Before messages can be decoded it is necessary to retrieve the IR for the schema describing the messages and types. This can be down by reading the encoded IR from a file or from a buffer.

    IrDecoder irDecoder;

    if (irDecoder.decode("generated/example-schema.sbeir") != 0)
    {
        std::cerr << "could not load SBE IR\n";
        return -1;
    }

Once the IR is decoded you can then create the OTF decoder for the message header:

    std::shared_ptr<std::vector<Token>> headerTokens = irDecoder.header();

    OtfHeaderDecoder headerDecoder(headerTokens);

You are now ready to decode messages as they arrive. This can be done by first reading the message header then looking up the appropriate template to decode the message body.

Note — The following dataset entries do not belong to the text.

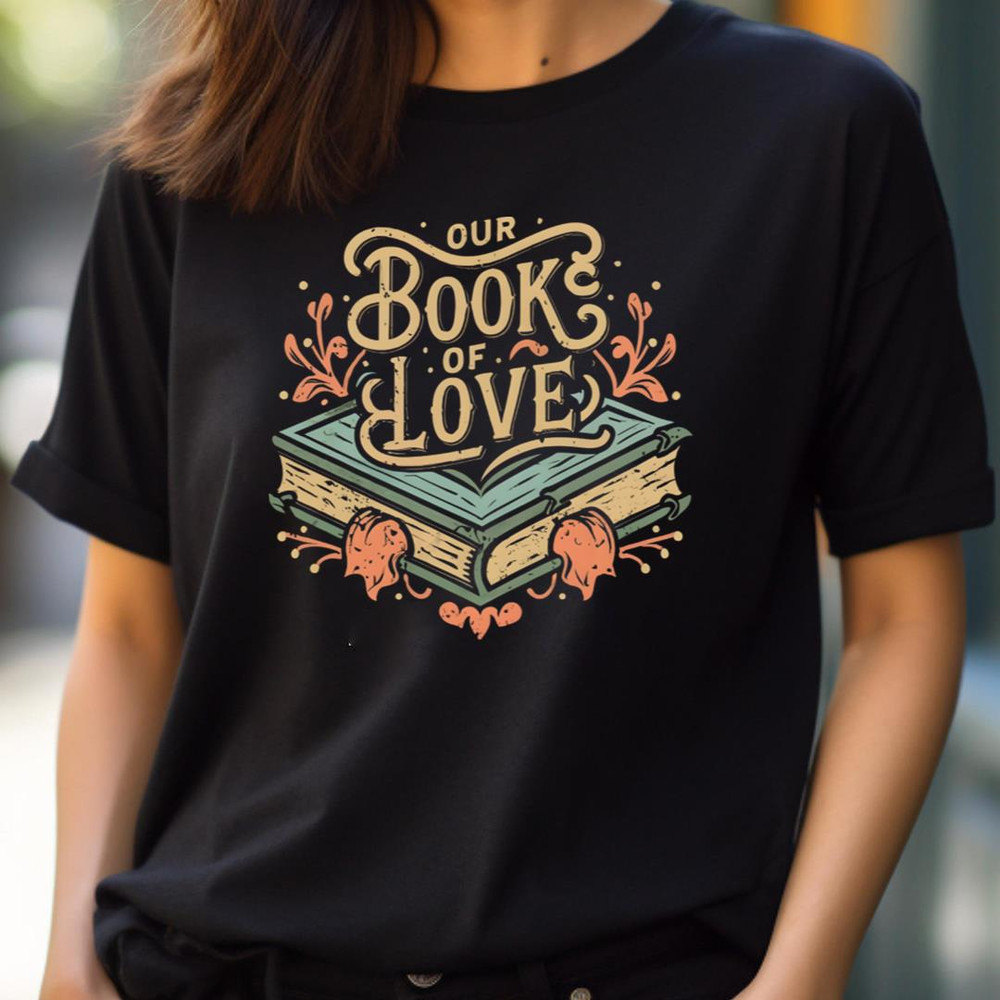 Love Story Capturing Moments - Evocative Bullet For My Valentine PNG, Bullet For My Valentine PNG.jpg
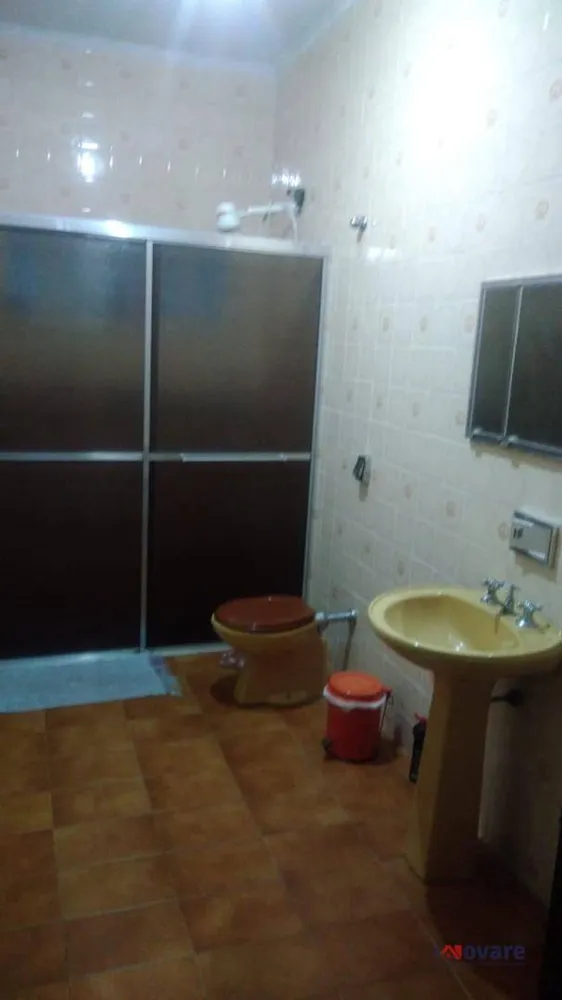 Casa, 2 quartos, 255 m² - Foto 8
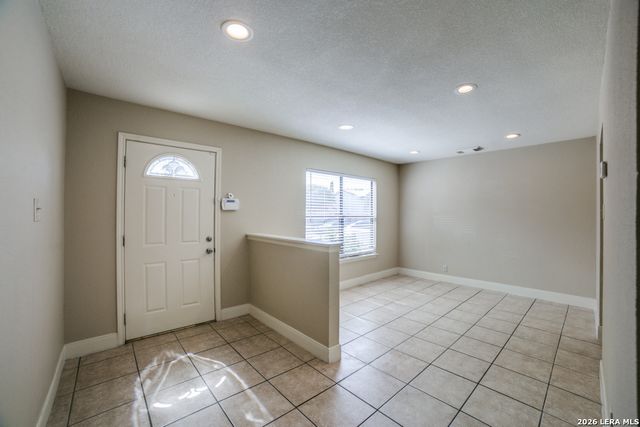 7739 Alverstone, San Antonio, TX 78250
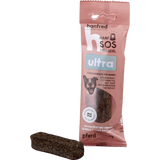 Hanfred Sticks SOS Ultra - Para Cães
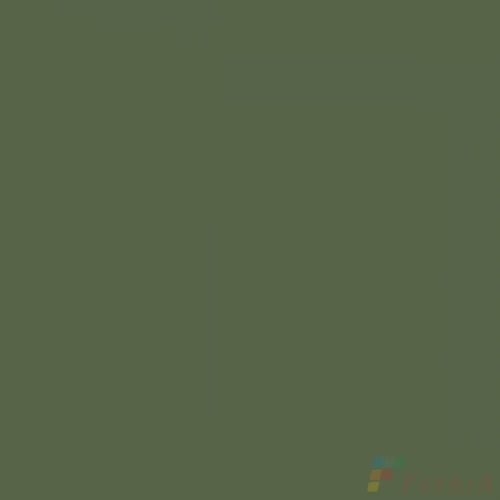 Керамогранит Грани Таганая Feeria Зеленые водоросли матовый GTF475М 60х60 см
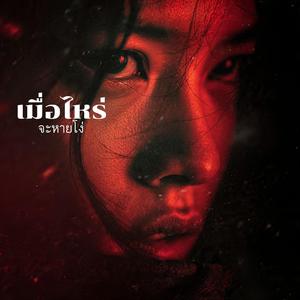 เมื่อไหร่จะหายโง่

    std::uint64_t templateId = headerDecoder.getTemplateId(buffer);
    std::uint64_t actingVersion = headerDecoder.getSchemaVersion(buffer);
    std::uint64_t blockLength = headerDecoder.getBlockLength(buffer);

Once you have decoded the header you can lookup the IR for the appropriate message body then begin decoding.

    char buffer[2048];
    ExampleTokenListener tokenListener;

    const char *messageBuffer = buffer + headerDecoder.encodedLength();
    std::uint64_t length = sz - headerDecoder.encodedLength();
    std::uint64_t templateId = headerDecoder.getTemplateId(buffer);
    std::uint64_t actingVersion = headerDecoder.getSchemaVersion(buffer);
    std::uint64_t blockLength = headerDecoder.getBlockLength(buffer);

    std::shared_ptr<std::vector<Token>> messageTokens = irDecoder.message(templateId, actingVersion);

    const std::size_t result =
        OtfMessageDecoder::decode(messageBuffer, length, actingVersion, blockLength, messageTokens, tokenListener);

The eagle eyed will have noticed the TokenListener. If you are wondering what this is then wonder no longer and read on.

Decoding Messages

As messages are decoded a number of callback events will be generated as the structural elements of the message are encountered. The callbacks are received by the TokenListener parameter of the decode function. If you only want to receive some of the callbacks then inherit from BasicTokenListener.

Decoding Primitive Fields

Primitive fields are the most common data element to be decoded. These are simple types such as integers, floating point numbers, or characters. Primitive field encodings can be a single value or a fixed length array of the same type. To receive primitive values override the following method:

    virtual void onEncoding(
        Token& fieldToken,
        const char *buffer,
        Token& typeToken,
        std::uint64_t actingVersion)
    {
        printScope();
        std::cout << fieldToken.name() << "=" << asString(typeToken, buffer) << "\n";
    }

where asString is something like the below.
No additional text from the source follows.